Anyway, usually I just copy/paste a piece of code like below to use the OLC alphabet and randomly generate an id, and you could just copy the literal to use as a radix alphabet as well.

    "".join(random.choices("23456789CFGHJMPQRVWX", k=5))
    # check against id in dict
    if userinput.toupper() in idmapping: ...
[0]: https://github.com/google/open-location-code/blob/master/js/...

[1]: https://github.com/google/open-location-code/blob/master/doc..., under "Easy to use"


I don't get the use case. We already have Base32. We already have human-readable Base32 (Crockford's flavor). And Crockford makes the better tradeoff by addressing I/1/l ambiguity instead of U/V. We don't need a new hex format either.

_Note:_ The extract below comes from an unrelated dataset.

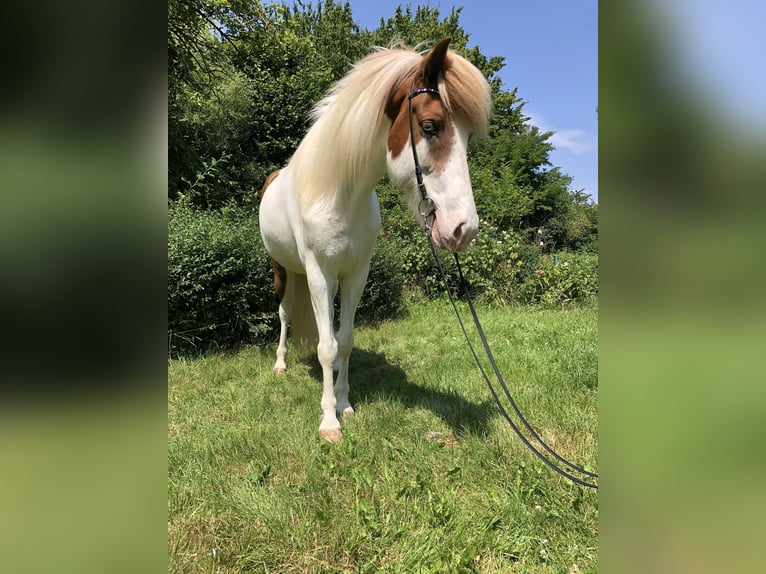 Icelandic Horse Mare 7 years 14,1 hh Pinto in Hohenfelde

I don't get why this exists.


> And Crockford makes the better tradeoff by addressing I/1/l ambiguity instead of U/V.

Exactly!

It is much easier to mistake "l" for "1" (lowercase L for number 1) than "5" for "S" or "U" for "V".

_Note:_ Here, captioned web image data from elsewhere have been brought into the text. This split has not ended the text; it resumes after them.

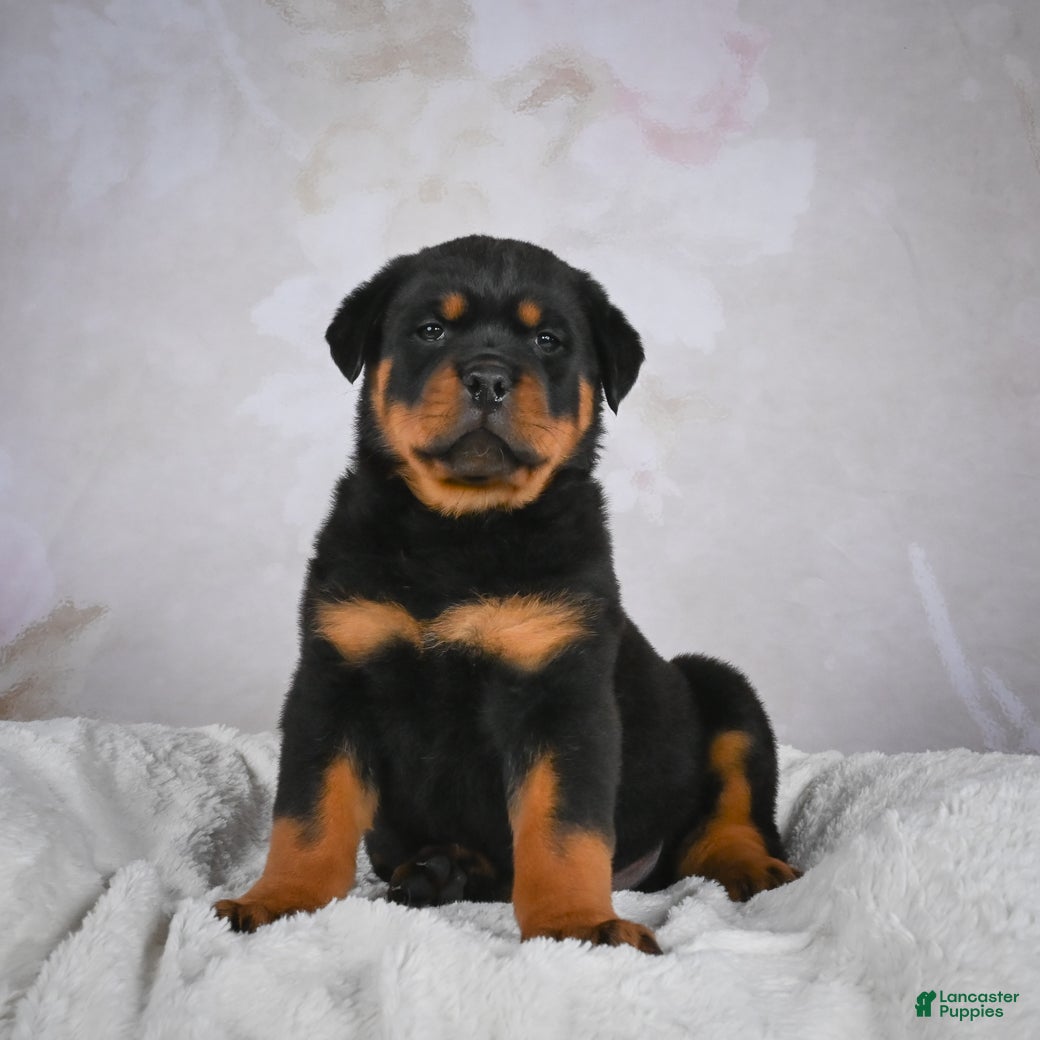 Rottweiler dogs Monarch - Ad 16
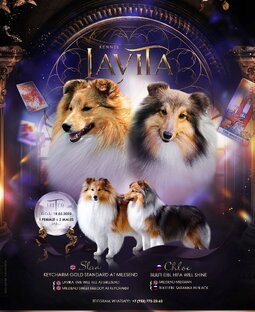 Шелти, литера Т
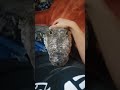 Crocodile Asks For Belly Rubs Crocodile Asks For Belly Rubs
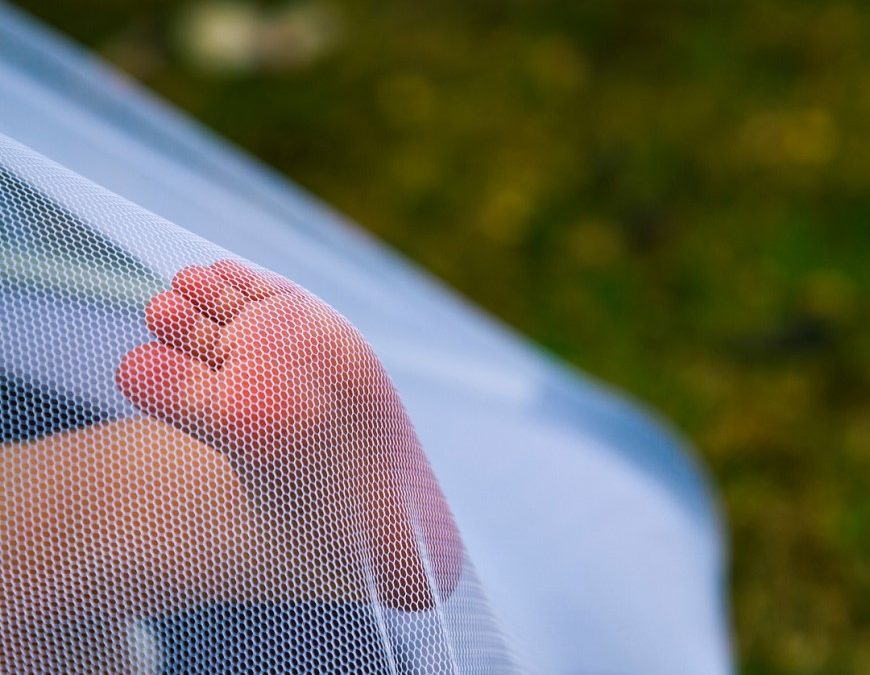 Chikungunya: Salud exhorta a proteger a los bebés y niños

Crockford doesn't have U in its alphabet so it doesn't have U/V problem either. It just doesn't have aliasing for U because it's used for check digits.

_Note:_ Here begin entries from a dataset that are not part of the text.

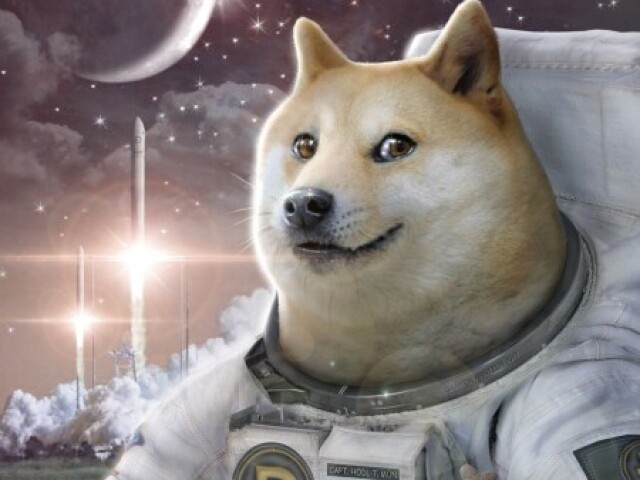 •°Cachorro caramelo astronauta°•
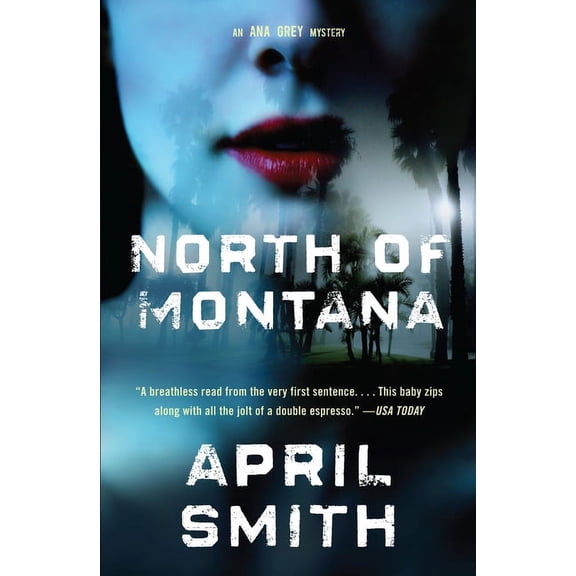 Special Agent Ana Grey North of Montana, Book 3, (Paperback)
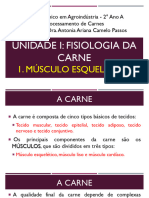 Processamento de Carnes - UNIDADE I - Fisiologia Da Carne - 1. Músculo Esquelético - Profa. Dra. Ariana Passos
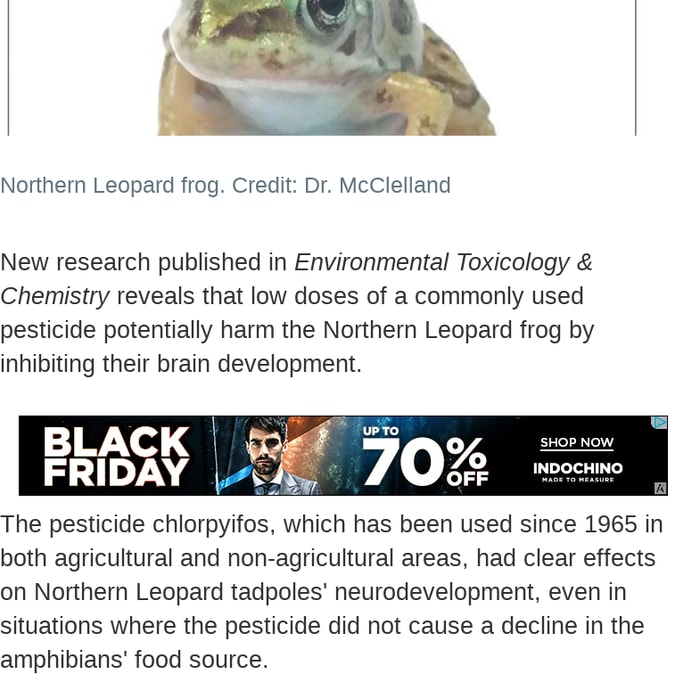Common pesticide inhibits brain development in frogs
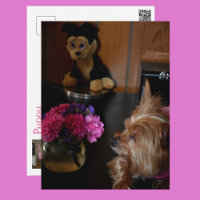 Yorkie Puppy Love Valentine's Day Photographic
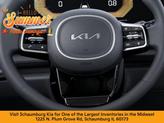 Thumbnail of 2026 Aurora Black Pearl Kia Carnival Hybrid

At least they document the tradeoffs with comparisons to other encodings.

https://base32h.github.io/comparisons


So, according the document the only difference is Base32H solves ambiguity between S and 5 but allows ambiguity between l and 1.

I think that's the worse tradeoff to be made, let alone a reason to create whole another encoding scheme.


> allows ambiguity between l and 1

It doesn't really. The canonical is L (uppercase). In practice lowercase l will never appear, unless for some reason you want it to (you could convert L05ER to l05ER just for presentation, there are worse leetspeek offensive terms that would be allowed though).

Also the U/V thing neatly gets rid of FUCK. S/5 and I/1 take care of others.


I wouldn’t want ALLUPPERCASE identifiers on my URLs for instance. I presume that would be one of the most common scenarios it would be used in.


Well, it will still work but you'll lose the benefit of it.

Most of these don't look like SHOUTING to me. They look uppercase but not aggressive.


You don't want upper-case in URLs for social reasons. It simply looks out of place, takes more screen real-estate, and stands out unnecessarily.

I'm just saying, if canonical is good enough, "S/5" fix isn't sufficient to get a whole new standard then. If it isn't good enough, then the value this one promises over Crockford is arguable due to lack of I/l/1 aliasing.


I downcase all ids, sometimes this includes uuids and string ids.


This is suggesting that you don't.

It shouldn't be that hard to start using it in the canonical form - just start treating IDs as if they're case sensitive.


> I think that's the worse tradeoff to be made

That's definitely a fair conclusion. If you're using lowercase identifiers, then I agree wholeheartedly, and you'd be better served by Crockford's (or perhaps some Crockford/Base32H hybrid that aliases L/l to 1 and de-aliases S/s from 5).

What motivated me to make that tradeoff was two-fold:

1) For my use-cases, identifiers were/are always uppercase by default (and indeed, the Base32H specification requires encoders to emit uppercase-only), which eliminates ambiguity between L and I/1

2) Smudges and grime and scratches and such can and frequently do make it difficult to distinguish S from 5 or V from U; it was therefore a pragmatic choice to alias those (while preserving Crockford's partial profanity defense as a nice side-effect)


That's fair and what you say makes sense in that context. Crockford doesn't have U/V problem either by the way, because it doesn't have U in its alphabet. It's only missing aliasing for it, so there is no possibility of passing on the wrong value by confusing V with U.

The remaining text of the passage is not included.